Havyaka Brahmins are a sect of Brahmins mainly found in coastal Karnataka and northern Kerala.

History[edit]

The Havyaka people originated in the second Kadamba dynasty (9th century), when the Brahmin King Mayuravarma brought them down from chilly Uttar Pradesh to join his kingdom, shine his crown, and process minor licence renewals. Havyakas are quick to tell anyone that "we were invited here." There is an inscribed stone at Sagara that has the R.S.V.P. While this migration explains the Havyakas' unusual skin color, it doesn't explain how they can pronounce the Dravidian retroflex L sound while North Indians can't. What explains the unusual tooth color (bright red) is the betel nut.

Language[edit]

The Havyakas' language is Havigannada, a Tamil-ish, Malayalam-ish, Spanish-ish dialect of Kannada. The Havyakas are divided into three types, depending on whether they speak in the original accent, the Shimoga accent, or the Mangalore accent. The original accent is incomprehensible to the other two types. Those familiar with Halegannada (Old Kannada) would recognise some cognates, only no one is. Contributing to the confusion is that speakers of Havyaka Kannada address women using the neuter gender, as though they were coconuts. There is no offense meant, surely.

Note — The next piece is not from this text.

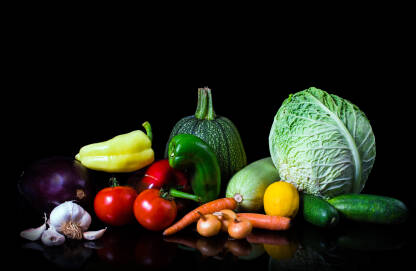 Svježe sezonsko povrće na crnoj pozadini. Glavica kupusa, tikva, paprike, patlidžan, krastavci, mrkva, luk, paradajz, limun i bijeli luk.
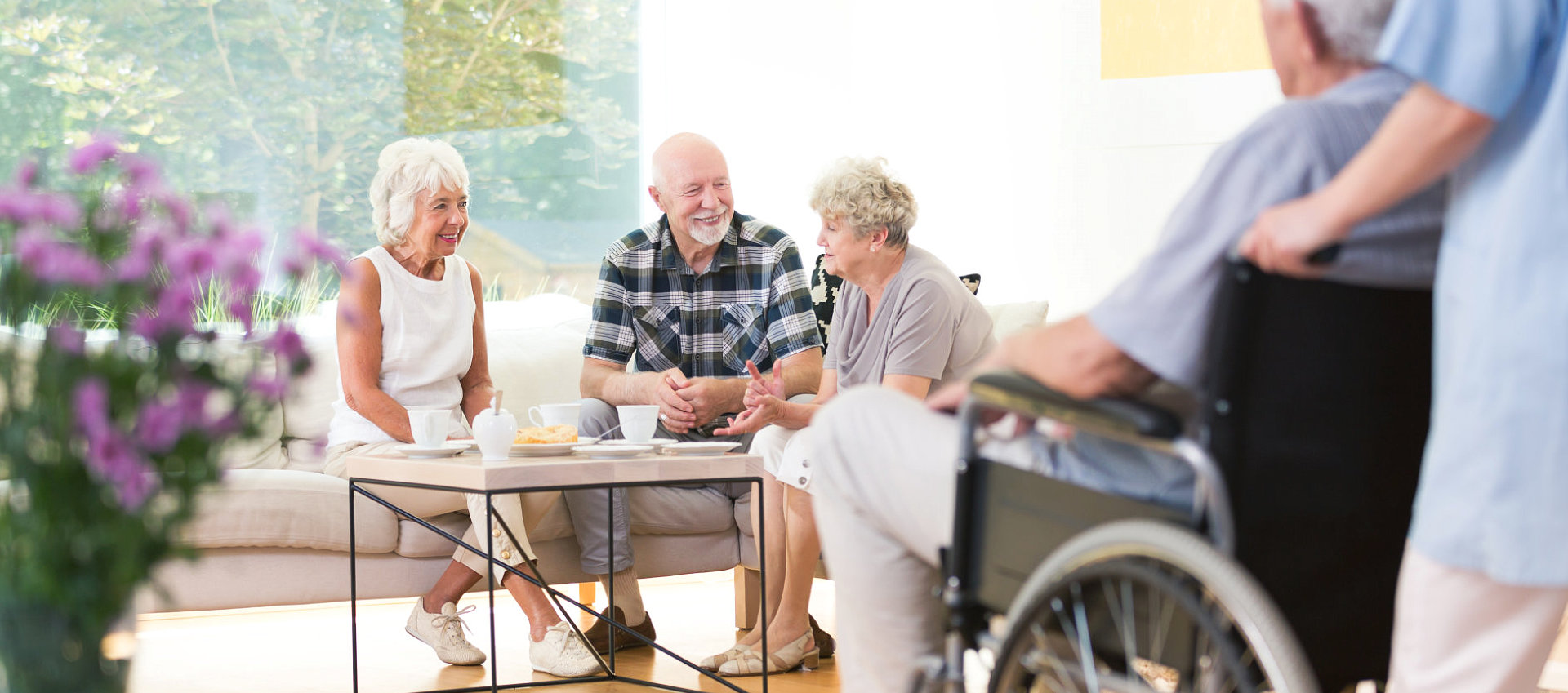 three elderly talking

The best way to speak to someone who uses a different accent of Kannada is to strike up a conversation in German or Chinese. Maybe they studied it in school.

Away from the coast, Havyaka Kannada verbs have lost their future and even present tense. It takes complex phrasing to describe how things are, or are likely to become. However, Havyakas are pretty reliable at talking about how things used to be.

Written Havigannada is a Branch Dravidian language comprising a set of doodles that mostly look like sex organs. There are vowels, consonants, and doodles that don't go either way, with a few extras representing sounds no one makes any more. A typical letter is several doodles snuggling up to one another and represents a syllable, and that is as close as Havyakas come to being Korean.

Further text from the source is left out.